La circulation de la coqueluche est en forte augmentation depuis plusieurs mois en France, notamment dans la région Grand Est.


Depuis le début de l'année, le nombre de cas signalés a considérablement augmenté, atteignant des niveaux nécessitant une vigilance accrue de la part de la population et des professionnels de santé. 

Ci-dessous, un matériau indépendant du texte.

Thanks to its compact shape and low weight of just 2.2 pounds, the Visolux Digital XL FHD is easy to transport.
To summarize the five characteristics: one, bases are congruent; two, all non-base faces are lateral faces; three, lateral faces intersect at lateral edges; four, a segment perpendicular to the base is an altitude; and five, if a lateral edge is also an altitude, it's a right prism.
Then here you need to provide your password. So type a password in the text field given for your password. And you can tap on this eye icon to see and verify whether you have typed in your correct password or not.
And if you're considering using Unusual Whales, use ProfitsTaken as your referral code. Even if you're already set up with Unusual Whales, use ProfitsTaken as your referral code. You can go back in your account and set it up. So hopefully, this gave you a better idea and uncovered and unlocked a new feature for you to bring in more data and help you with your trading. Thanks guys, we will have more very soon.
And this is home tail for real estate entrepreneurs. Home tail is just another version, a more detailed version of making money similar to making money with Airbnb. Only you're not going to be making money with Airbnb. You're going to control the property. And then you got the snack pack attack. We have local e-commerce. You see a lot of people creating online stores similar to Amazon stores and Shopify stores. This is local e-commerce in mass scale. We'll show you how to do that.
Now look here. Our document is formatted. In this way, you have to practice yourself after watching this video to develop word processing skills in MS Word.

L’ARS a enregistré une cinquantaine de signalements de cas de coqueluche du 1er janvier au 7 juin 2024 contre 0 en 2023 sur la même période. Face à cette situation préoccupante, l’ARS souhaite informer les professionnels de santé et de la petite enfance, et sensibiliser le grand public sur la situation des personnes à risques de complications (nourrissons, sujets atteints d’affections respiratoires chroniques ou sujets immunodéprimés, femme enceinte). La situation en France et en Grand Est La coqueluche évolue par cycles de recrudescence tous les 3 à 5 ans. .

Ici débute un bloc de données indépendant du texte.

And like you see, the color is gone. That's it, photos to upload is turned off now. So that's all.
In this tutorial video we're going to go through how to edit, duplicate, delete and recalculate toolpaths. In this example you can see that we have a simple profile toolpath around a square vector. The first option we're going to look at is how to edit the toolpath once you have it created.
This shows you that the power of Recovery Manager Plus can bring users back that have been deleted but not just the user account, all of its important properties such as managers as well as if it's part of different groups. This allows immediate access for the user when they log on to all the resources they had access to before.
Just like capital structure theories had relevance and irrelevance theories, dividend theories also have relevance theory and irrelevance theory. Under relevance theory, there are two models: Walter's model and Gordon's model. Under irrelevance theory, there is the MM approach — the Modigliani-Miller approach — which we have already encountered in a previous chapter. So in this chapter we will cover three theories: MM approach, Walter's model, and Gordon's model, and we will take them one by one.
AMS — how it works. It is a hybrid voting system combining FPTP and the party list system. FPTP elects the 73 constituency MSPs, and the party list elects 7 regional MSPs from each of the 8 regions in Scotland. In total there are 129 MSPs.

Santé Publique France relève dans son bulletin diffusé le 2 juillet 2024 pour la région Grand Est "une nette augmentation des passages aux urgences et des consultations chez SOS Médecins" au motif d’une infection à coqueluche depuis le mois d’avril. 

La coqueluche est une infection respiratoire hautement contagieuse causée par une bactérie et caractérisée par un rhume et une toux à prédominance nocturne qui se prolonge au-delà de 7 jours. Cette toux peut durer plusieurs semaines. Sa transmission se fait principalement dans la famille ou en collectivités au contact d’une personne malade présentant une toux. Les formes graves touchent surtout les nourrissons de moins de six mois, pouvant entrainer le décès. En moyenne, une personne infectée peut en contaminer 15 autres.

En cas de symptômes et de toux persistante pendant plus de 7 jours, l'ARS recommande de consulter un médecin pour une confirmation diagnostique. Si un cas de coqueluche est confirmé, il est recommandé pour le sujet malade : d’observer un traitement curatif par antibiotiques pour réduire la contagiosité, d’éviter le contact avec des nourrissons, en particulier âgés de moins de 6 mois, de respecter les gestes barrières : lavage des mains, toux dans le coude, port du masque… et de s’isoler et éviter les lieux de collectivité. 

"La vigilance de chacun, associée à une couverture vaccinale adéquate, permettra de limiter la propagation de la coqueluche et de protéger les plus vulnérables notamment les nourrissons dans les premiers mois de vie, qui font les formes les plus graves de la maladie" rappelle l'ARS.